Pourquoi ? Le Premier ministre insiste sur le caractère impérieux du recensement général de la population et de l’habitat ainsi qu’un recensement administratif à vocation d’état civil. Ces deux opérations greffées à l’organisation des trois scrutins nécessitent 36 mois. Il s'est toutefois abstenu d'évoquer les sanctions. 

« Concernant la durée de la transition, point de négociation centrale entre la Guinée et la Cedeao, il faut souligner que le contenu de la transition présenté en dix points comprend : un recensement général de la population et de l’habitat ainsi qu’un recensement administratif à vocation d’état civil. Ces deux opérations nécessiteront 24 mois pour leur réalisation et 12 mois supplémentaires seront nécessaires pour la tenue des trois scrutins programmés.

Je n’insisterai pas assez sur le caractère impérieux de la réalisation du recensement de qualité pour l’établissement d’un fichier électoral incontestable qui garantira les processus électoraux transparents et les résultats acceptés de tous. A ce niveau, il faut rappeler que la question du fichier électoral a été toujours le point de discorde et de contestation des différents scrutins de ces dernières années en Guinée », a-t-il déclaré.

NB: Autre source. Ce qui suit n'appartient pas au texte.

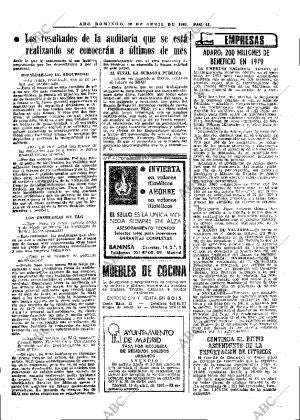 ABC MADRID 20-04-1980 página 58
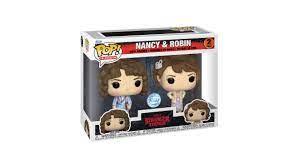POP TV: Stranger Things: Nancy & Robin 2 Pack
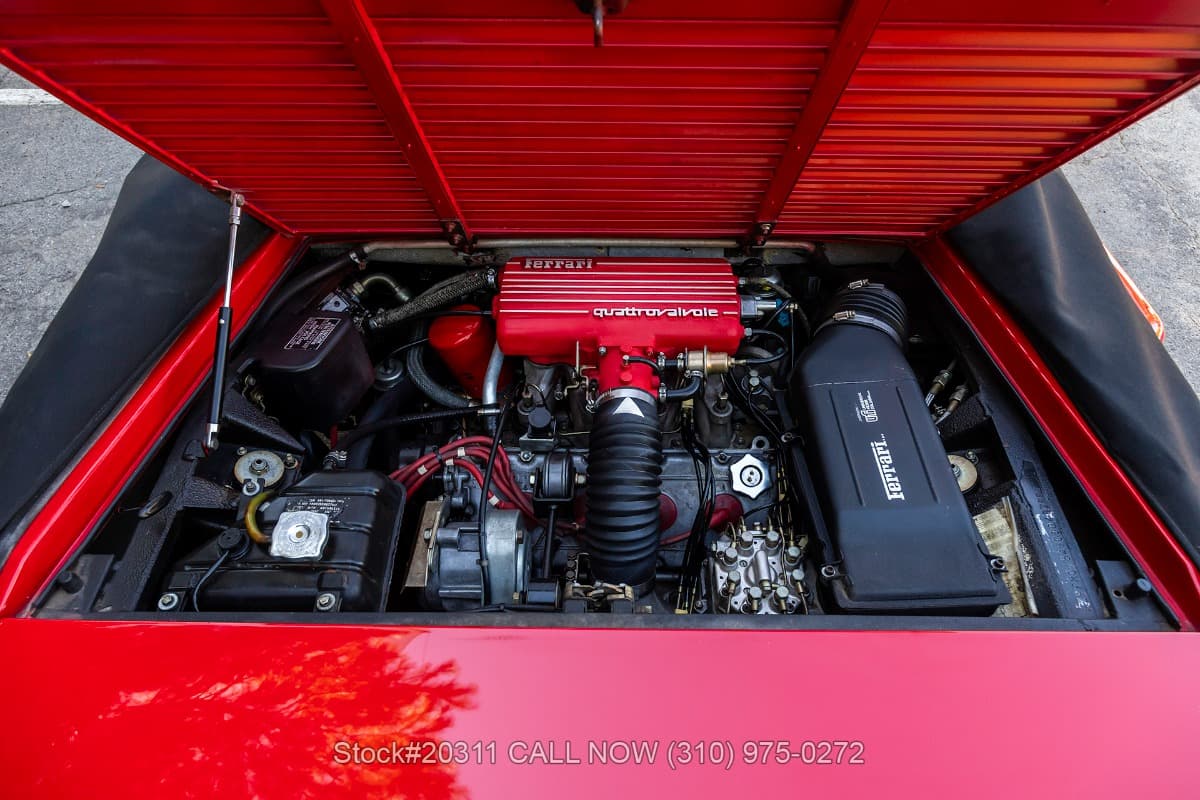 1983 Ferrari Mondial Cabriolet thumbnail 25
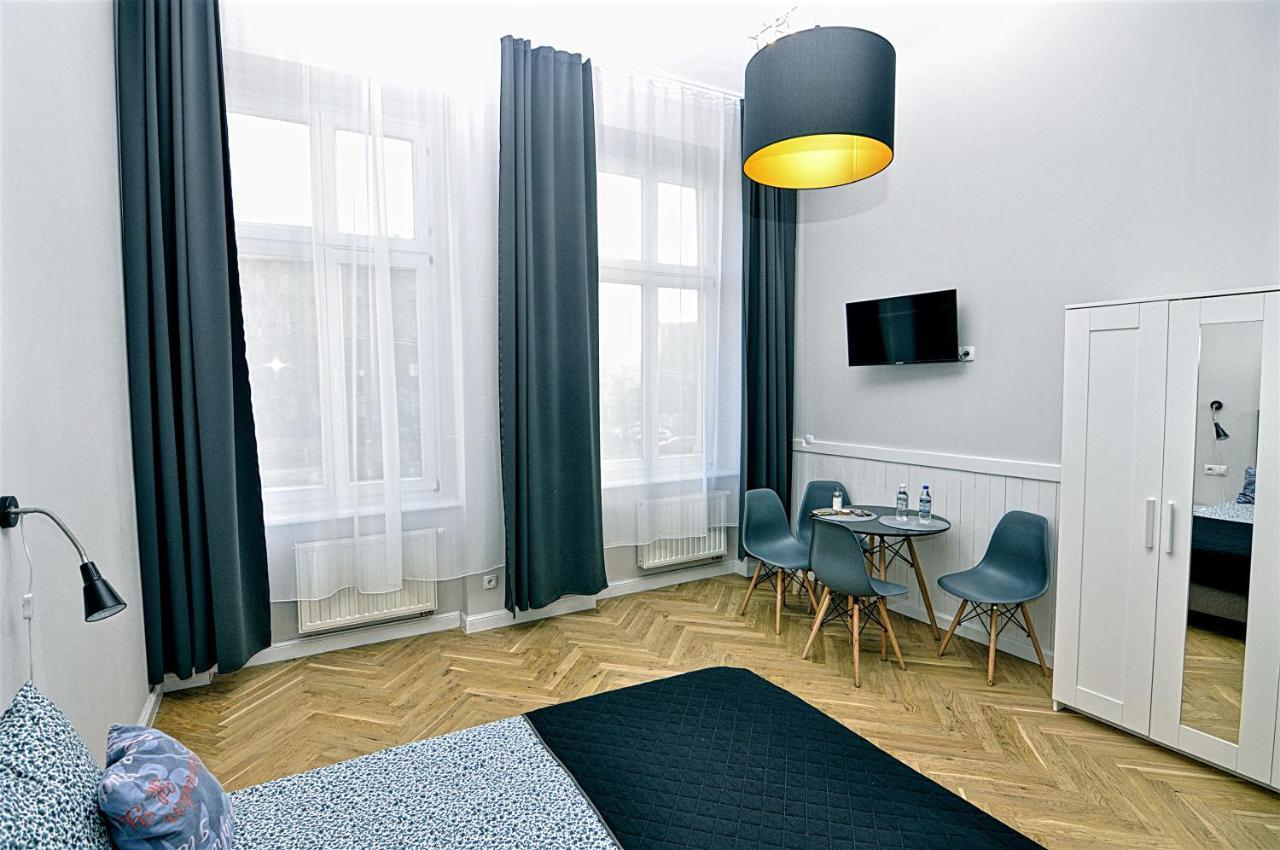 Wroclaw City Apartments Exterior foto
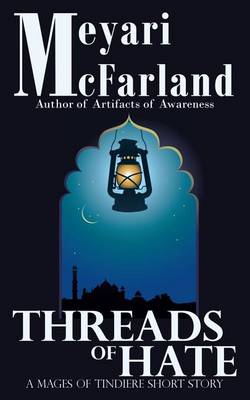 Book cover for Threads of Hate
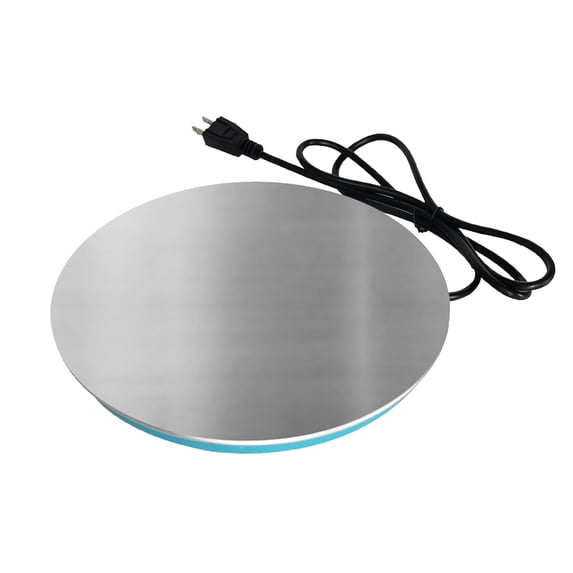Heating Plate Thermostatic Base - Temperature Control Warming Plate for Water Kettle, Heat Insulation & Anti-Freeze Drinking Water Heater
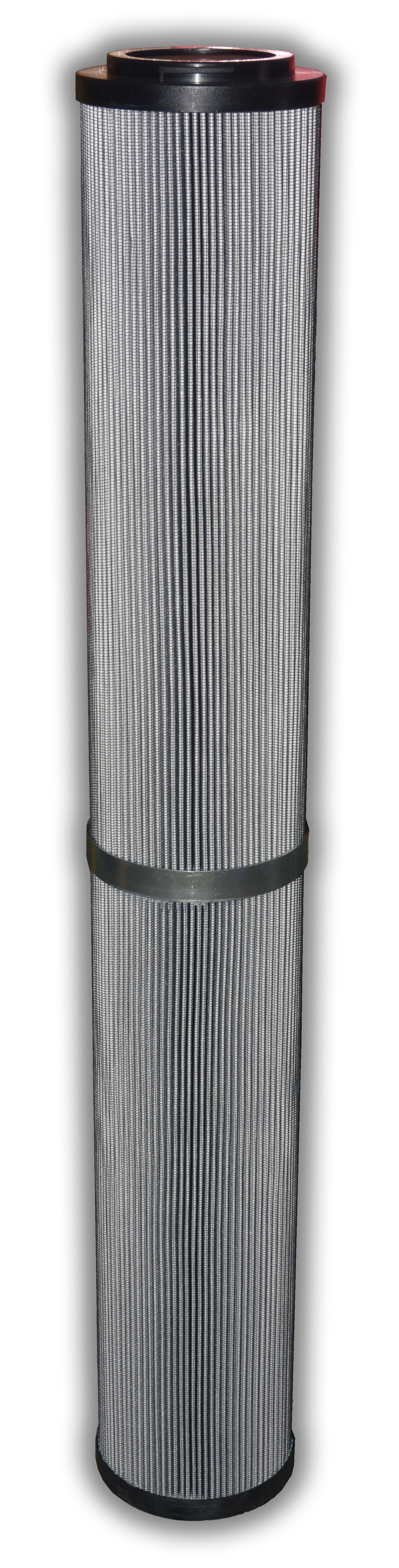 MAIN FILTER INC. MF0601449 Interchange Hydraulic Filter, Glass, 25 Micron, Viton Seal, 31.18 Inch Height | CG3JXK R42D20GV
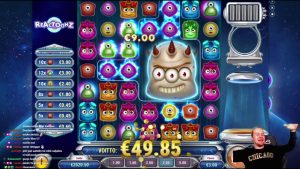 grande WIN ON Reactoonz SLOT ONLINE | Melhores ganhos do bônus de cassino da semana do calendário
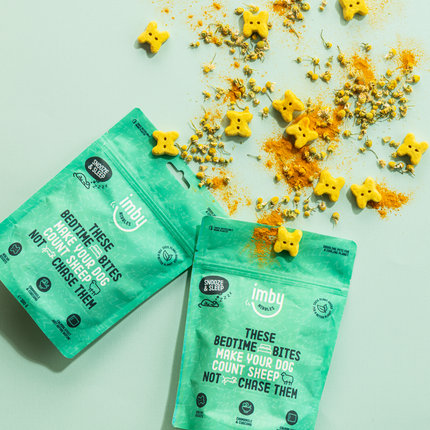 Functional Snacks - Snooze &amp; Sleep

La Guinée a adopté comme principe conducteur de cette transition le dialogue inclusif y compris avec la Cedeao, le renforcement de l’Etat de droit, la promotion des Droits humains et la reddition des comptes pour recoudre un tissu national fragilisé, a-t-il précisé, affirmant qu’un cadre de dialogue inclusif a été créé.

Clin d’œil au quatuor « ANAD, RPG, FNDC Politique, CORED »

« Nous fondons l’espoir que les acteurs réticents dans un sursaut de conscience patriotique se joindront à ce cadre. Aujourd’hui, aucun obstacle ne se dresse sur le chemin du dialogue inclusif en république de Guinée », a soutenu le Premier ministre.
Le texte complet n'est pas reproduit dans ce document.